2. Integrating mental and physical health

Traditionally mental and physical health have been separate departments in clinical care settings, often with little to no interaction. Indeed, many employee health benefit plans include little to no mental health coverage or have separate benefit providers and/or processes for mental and physical health. Yet the two are closely linked. Dr. Murthy spoke about how loneliness puts people at increased risk for heart diseases, dementia, and earlier mortality. As we see moves towards integrated care in other parts of the health system, there is both a need and a significant opportunity to integrate the way we talk about and create solutions for mental and physical health together.

3. Balancing caution and opportunity with digital transformation

Dr. Shah put it best: “An app isn’t going to fix health care.” Yet, there is an opportunity for business leaders to clearly define which health care burdens technology can alleviate (e.g., administrative load to create more time for patient care). While an app won’t solve issues like structural racism in health care—and A.I. and technology is rife with opportunities for bias—when used well, digital tools have the power to make health care more reliable and trustworthy. To do so effectively, particularly when thinking about A.I. and machine learning, it is important to identify upfront what training datasets you will use, how that data is collected, how long you have to train that data, and how you will continue to learn and monitor for bias.

4. Shifting the conversation—and responsibility—to advance women’s health

Reproductive health conversations and solutions are largely focused on women. We lack the same range of options for men as we have for women in both contraception and fertility treatments, which is a manifestation of an underlying mindset that women must shoulder the burden. We need to shift the conversation and, therefore, the responsibility so that women’s health is not seen solely as a “women’s issue” but one where men share the burden of advancing and improving outcomes.

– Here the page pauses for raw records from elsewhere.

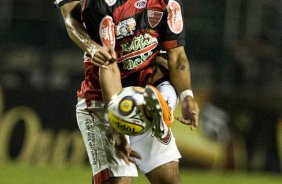 Leandro Castn e Fabio Santos durante a partida entre Corinthians x Oeste/Itpolis, realizada esta noite no estdio do Pacaembu, quartas de final do Campeonato Paulista 2011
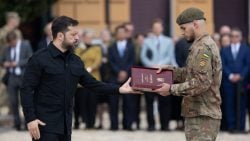 Зеленский вручил орден "Золотая Звезда" Героя Украины участнику десантирования на окруженную россиянами "Азовсталь" Александру Иванцову (видео)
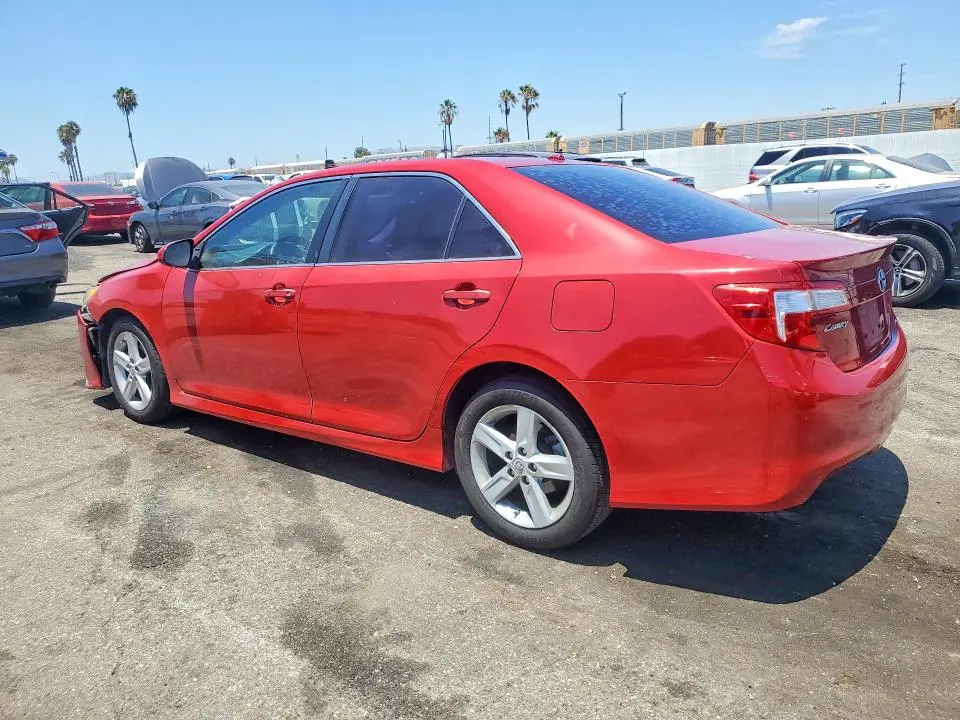 2014 TOYOTA CAMRY SE  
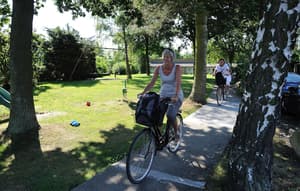 thumbnail: Bicycling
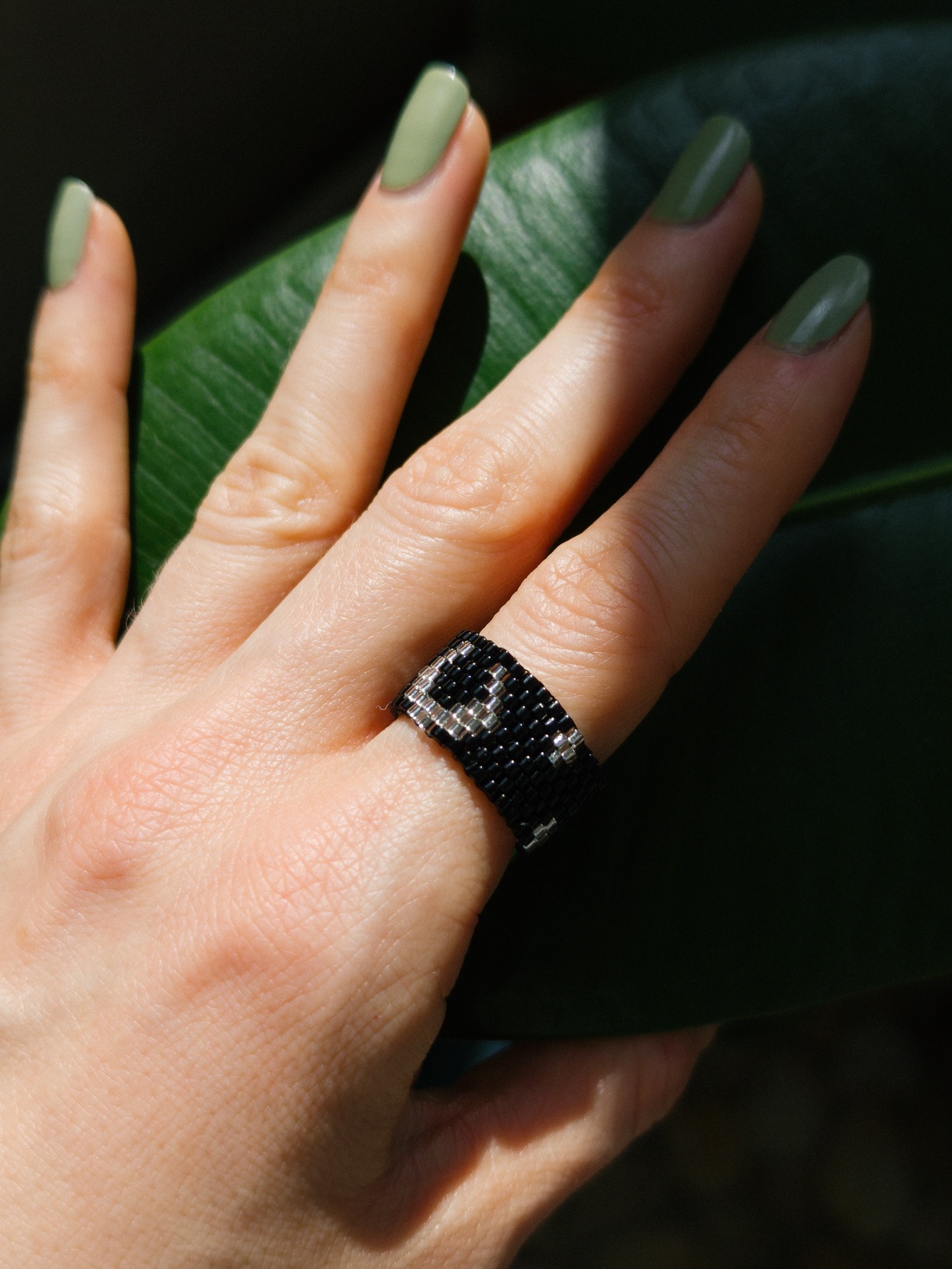 Inel din margele negre cu model semiluna  - bijuterii - inele - inele cu pietre semiprețioase - Artynos.ro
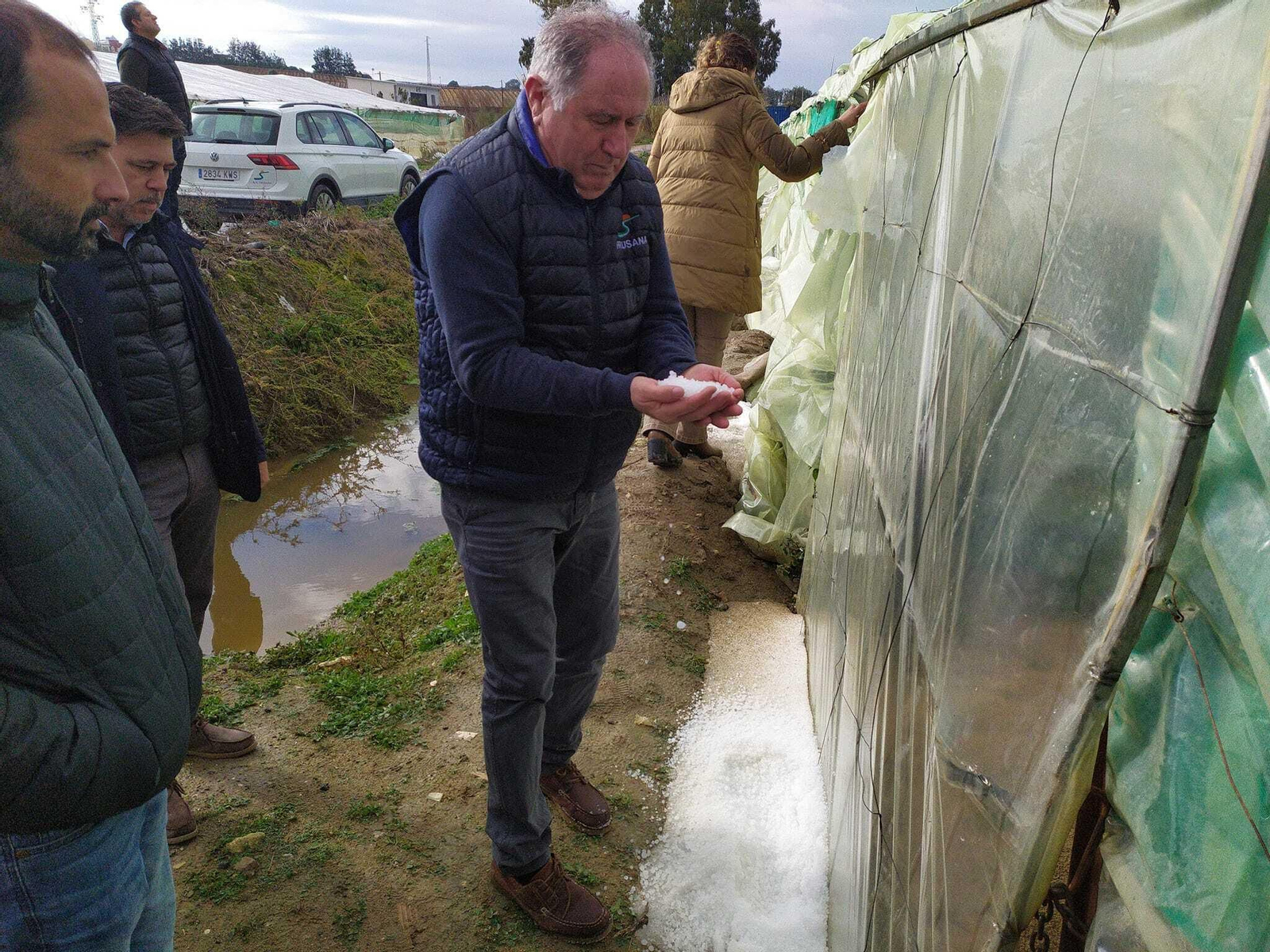 El alcalde de Sanlúcar y representantes del sector agrario, este miércoles en la zona afectada por el granizo.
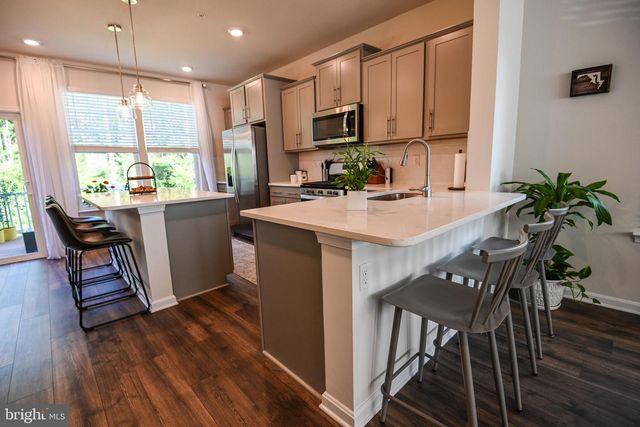 2047 HINSHAW DR, Odenton, MD 21113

5. Regaining and retaining advances in nimbleness to alleviate provider constraints

Robert Wachter, UCSF Department of Medicine chair, noted that while the pandemic unlocked rapid advances in nimbleness in the health system, we are seeing a regression in how the sector approaches care post-pandemic (e.g., walk backs in telemedicine licensing across state lines). As we look for opportunities to address provider shortages, burnout, and resource constraints amidst other uncertainties, we can learn from pandemic gains and advance on these innovations to build in unlock additional ways to alleviate pain points in the system.

* * *

Clearly, businesses across all industries—not just health care and life science companies—play a critical role in our broader health system. Companies that adopt a systems lens, center on equity, and work collaboratively with other sectors will be better positioned to address the largest health care challenges and present stability in times of uncertainty, while unlocking significant economic value for their stakeholders.